Because I like to add other people’s wisdom to my ramblings from time to time, allow me to share an excerpt from Joel Salatin’s most recent book titled, The Marvelous Pigness of Pigs (a bizarre title for a book that has little to say about pigs). Here we go:

“Americans fear food….   Why? Because too many of us don’t know anything about it. The official policy of the government food police at the FDA and USDA is to fear food. Why? Because industrial food is a scary thing.

Campylobacter, listeria, salmonella, E. coli, bovine spongiform encephalopathy. This is a brand new lexicon that has only come into common use in the last couple of decades.

Likewise, I never knew anyone who had food allergies. Now we have gluten problems, leaky gut syndrome, type 2 diabetes, and a runaway obesity epidemic. We’re overfed and undernourished. The USDA began telling us what to eat after World War II: hydrogenated fats, carbohydrates, margarine. Meanwhile, big food manufacturers loved that we were exiting the kitchen and giving them proxy status over our menus.

With the kitchen sufficiently demonized as a place where losers and under-achieving non-career women served, a broad food ignorance spread across the landscape. Economic wealth with rising incomes enabled the annual special meal out to morph into daily fast food and processed food service. Devoid of culinary artistry, the kitchen became simply a place to heat up TV dinners. Indeed, no society has ever had the luxury of abdicating a relationship with food this profoundly.

Gone were the nuances about taste, texture, and odor. Neat microwavable packaging with additives to stabilize, sterilize, and sanitize replaced the whole potato, the oven-cooked pot roast, and scratch baking. In food processing, chlorine became the chemical of choice as produce and meat became filthier coming from industrial farms with faster harvesting and growing techniques. Fecal contamination could be sterilized with enough chlorine, and it is used liberally today. Pink slime in ground beef, along with cheap fillers, created a whole new type of food.

Soft drinks replaced whole raw milk. Twinkies replace fried eggs and bacon. Packaged whole meals in Styrofoam clamshells replaced domestic culinary arts. Food was no longer prepared, processed, packaged, and preserved in the home. Those domestic skills were farmed out to professional food manufacturers with laboratories, high fructose corn syrup, monosodium glutamate, and a host of more unpronounceable terms. As American culture unleashed itself from an ecological umbilical, we became profoundly ignorant and began fearing the unknown.”

I don’t necessarily take to everything Joel has to say in his writings, but the above diatribe hits the nail on the head. We all have a tendency to distrust or fear something we know little or nothing about, don’t we?
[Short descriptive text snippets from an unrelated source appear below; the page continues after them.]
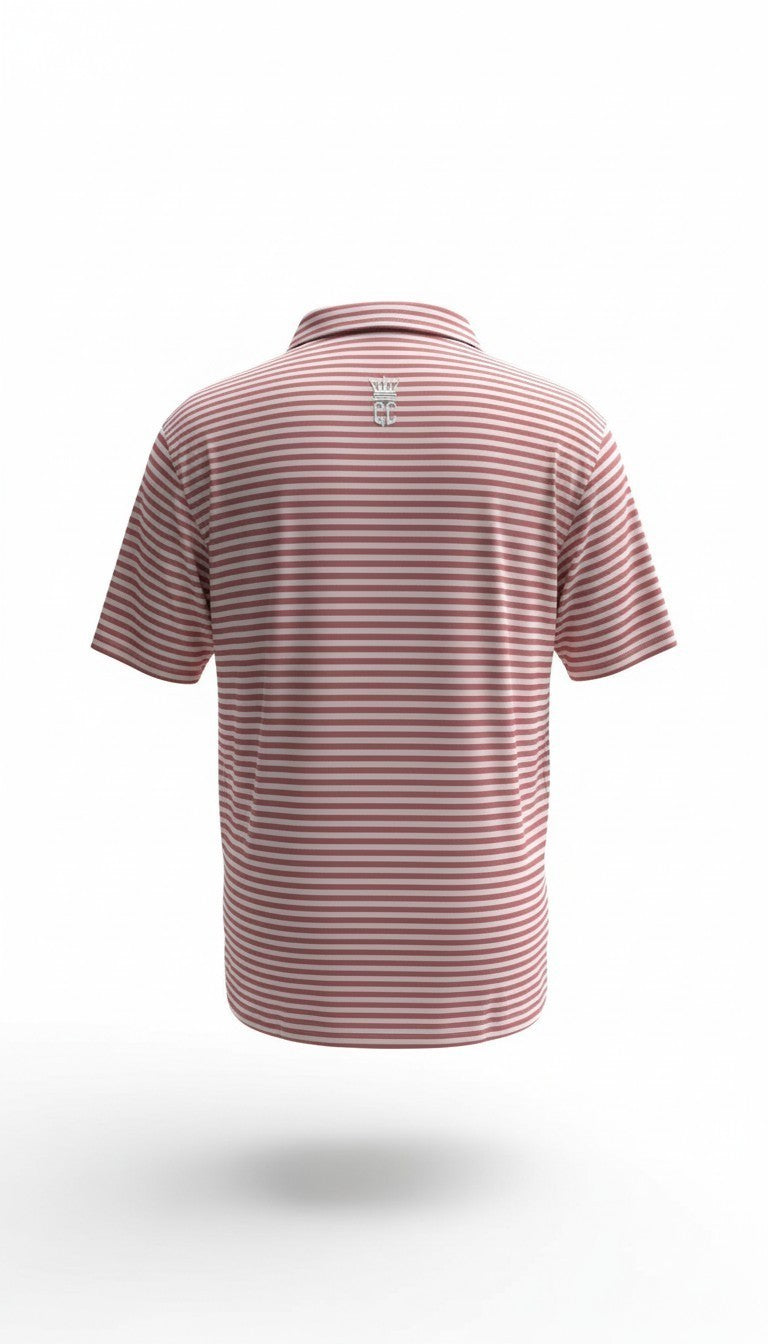 Corporate Culture Premium Performance Polo - Red Striped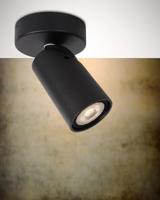 Lucide XYRUS - Plafondspot - Ø 9 cm - LED Dim to warm - GU10 - 1x5W 2200K/3000K - Zwart - thumbnail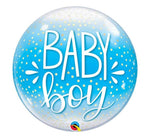 22IN BABY BOY BLUE & CONFETTI DOTS BUBBLE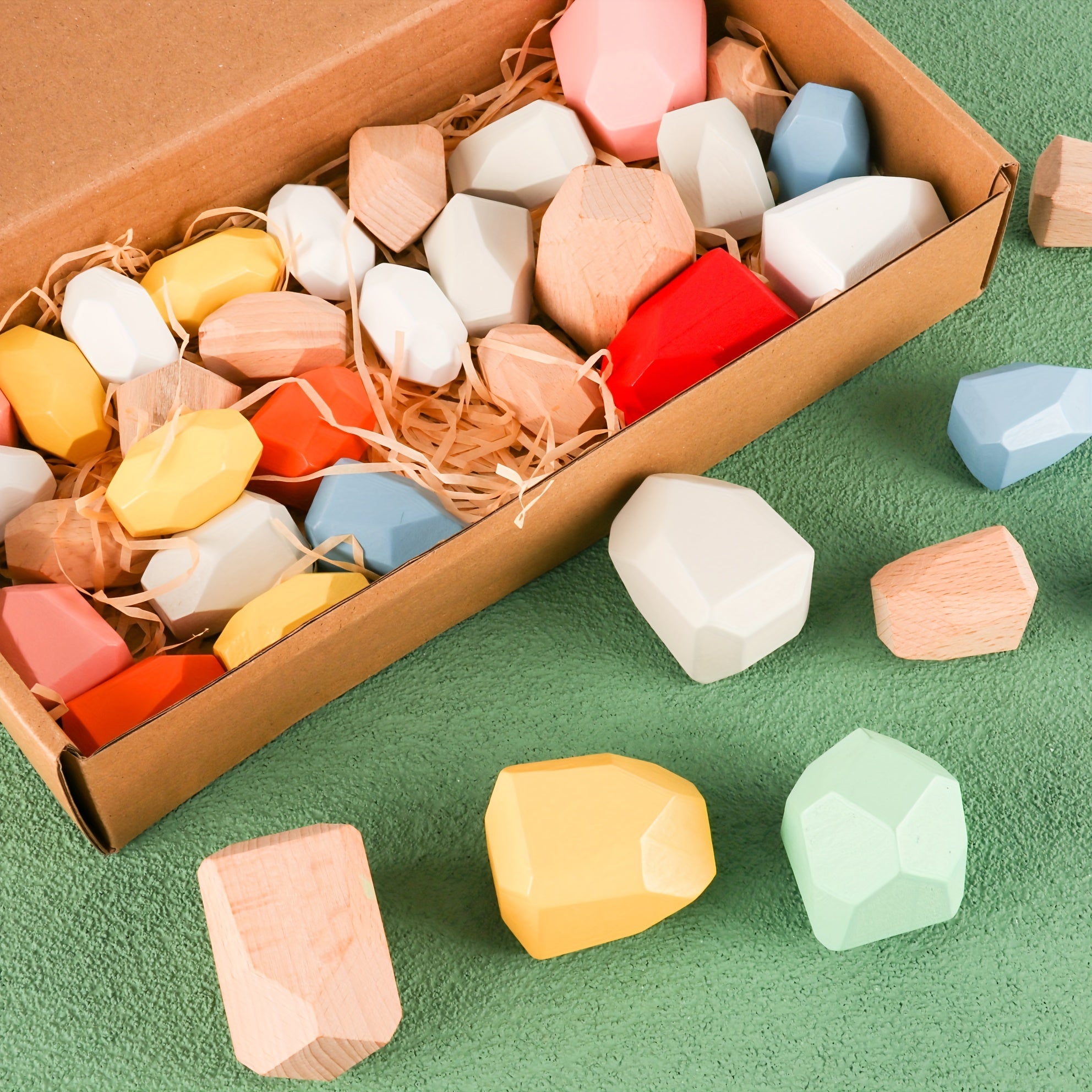 Montessori Balance Wooden Colorful Stones Stacking Game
How do we get over our fears? I would suggest food fears are like any other aspect of things we’re unsure about. Practice. Practice food craft. We touch it, smell it, examine it, read about it, and prepare it. We embrace a physical partnership with our food.
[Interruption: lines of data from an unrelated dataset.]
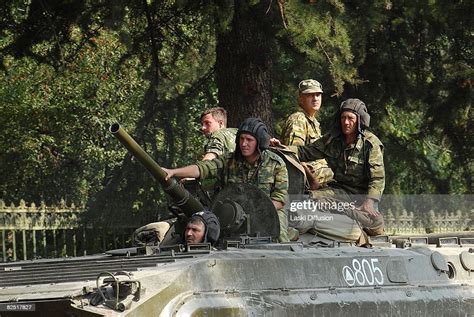 Russian Soldiers Travel On A Tank In The Province Of South Ossetia
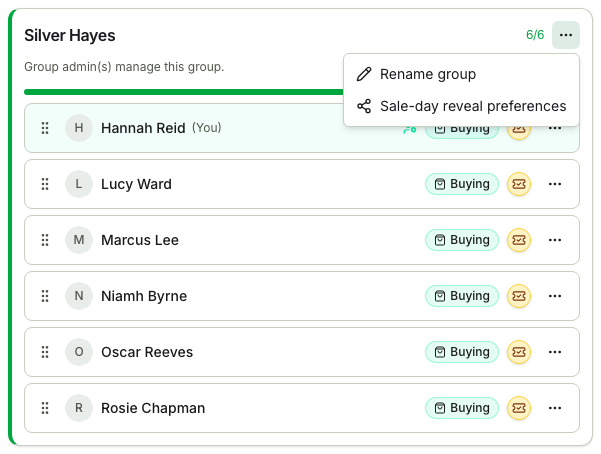 TicketSquad Groups page showing a buying group's card with its menu open on Rename group and Sale-day reveal preferences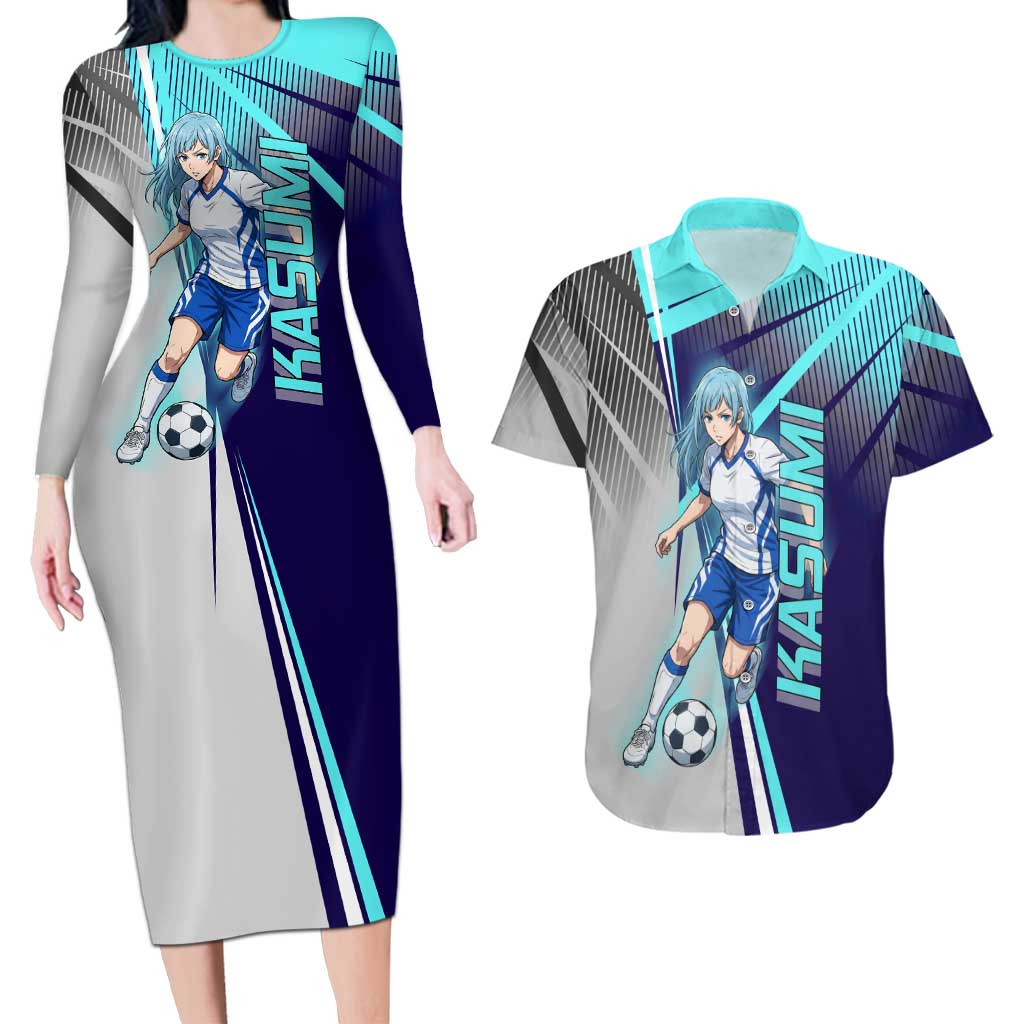 Personalized Miwa Kasumi Jujutsu Kaisen Couples Matching Long Sleeve Bodycon Dress and Hawaiian Shirt with Light Blue Accents and Action Pose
Here at Freedom Acres, we faced the similar fears and misgivings whenever we considered adding additional enterprises to our farm to create a viable business. Whether it was producing all-grass dairy, 100% grass-fed grass-finished beef, pastured chicken (and turkey), pastured hogs – and now again raising hogs in woodlots. I am always skeptical of the nuts and bolts of it, and always harbor a fear of failure to an extent. But I have found that if we forge ahead on a small scale – for a degree of safety – many of our qualms turn out to be far less formidable than we envisioned them. Of course we have made mistakes – and still do, but the mistakes usually turn out to be the things we learn best to avoid in the future. As the old adage says, experience is the best teacher.

We believe a sense of fulfillment and empowerment follows when we grasp the challenge of the unknown, study the risk, yes; but forge ahead with the knowledge we have at the moment and learn as we go.